Experiences on Using ESLint in IntelliJ

23 Sep 2021

Coding standard makes the code more readable, when everyone following the same rules and format. Other than making code looks nicer and organized, coding standard also includes the standard of the code quality. The organized code makes it easier for people to detect their errors and improve their code quality later. Because many people was having troubles on reading and understanding the code they wrote previously, the coding standard becomes important for maintenance later. Once the code quality being better and better, the ability of solving real life problems with programming skill will grow.

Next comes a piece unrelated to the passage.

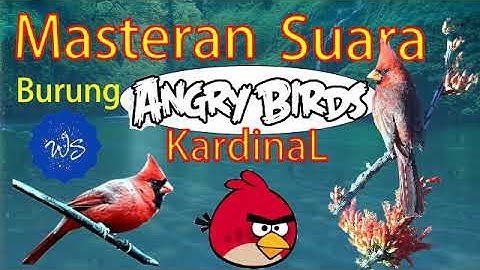 Masteran Suara Burung Kardinal - Angry Bird | #kicaumania #burungkicau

While using ESLint in IntelliJ, it does helps a lot with coding speed because I always missing a semicolon or having typos on my code. Some complier would not tell the problems like that, so it might takes a lot of time to figure out what is missing in my code. ESLint avoid the potential bugs like disallow unreachable code after “return”, “throw”, “continue”, and “break” statements, or states out the variables that your not using with red lines. ESLint can also checks and fixes the problem automatically, so many errors can be avoid by that. People can also makes their own rules by create an ESLint plugin.

At the time I’m using ESLint, it will needs to download three files in your project folder/directory, which will be name with “.eslintrc”, “package.json”, and “.gitignore”. In the “.eslintrc” file, it is for setting the coding standard. In the “.gitignore” file untracked the file that git should ignore. Then running the command “npm install” in the current project folder to install ESLint. After installed, the project workspace like above in IntelliJ will appear a green check mark on the right hand side (showed on the picture above), your programs should avoided most of the potential bugs and errors when green check mark appear.